Equation: y = b_{3}x^{3} + b_{2}x^{2}+ b_{1}x + a

b_{3}: `=INDEX(LINEST(y, x^{1,2,3}), 1)`

b_{2}: `=INDEX(LINEST(y, x^{1,2,3}), 1, 2)`

b_{1}: `=INDEX(LINEST(y, x^{1,2,3}), 1, 3)`

a: `=INDEX(LINEST(y, x^{1,2,3}), 1, 4)`

The formulas for higher degree polynomial trendlines can be built by using the same pattern.

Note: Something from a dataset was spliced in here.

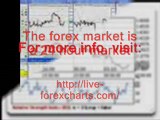 Live Forex Charts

For our data set, the 2^{nd} order polynomial trendline suites better, so we are using these formulas:

b_{2}: `=INDEX(LINEST(C2:C13, B2:B13^{1,2}), 1)`

b_{1}: `=INDEX(LINEST(C2:C13, B2:B13^{1,2}), 1, 2)`

a: `=INDEX(LINEST(C2:C13, B2:B13^{1,2}), 1, 3)`

A power trendline in Excel is drawn based on this simple equation:

y = ax^{b}

Where *a* and *b* are constants, which can be calculated with these formulas:

a: `=EXP(INDEX(LINEST(LN(y), LN(x),,), 1, 2))`

b: `=INDEX(LINEST(LN(y), LN(x),,), 1)`

In our case, the following formulas work a treat:

a: `=EXP(INDEX(LINEST(LN(C2:C13), LN(B2:B13),,), 1, 2))`

b: `=INDEX(LINEST(LN(C2:C13), LN(B2:B13),,), 1)`

If you think that Excel has drawn a trendline incorrectly or the trendline formula displayed in your chart is wrong, the following two points may shed some light on the situation.

Excel trendline formulas should only be used with XY (scatter) graphs because only in this chart type both the y-axis and x-axis are plotted as numeric values.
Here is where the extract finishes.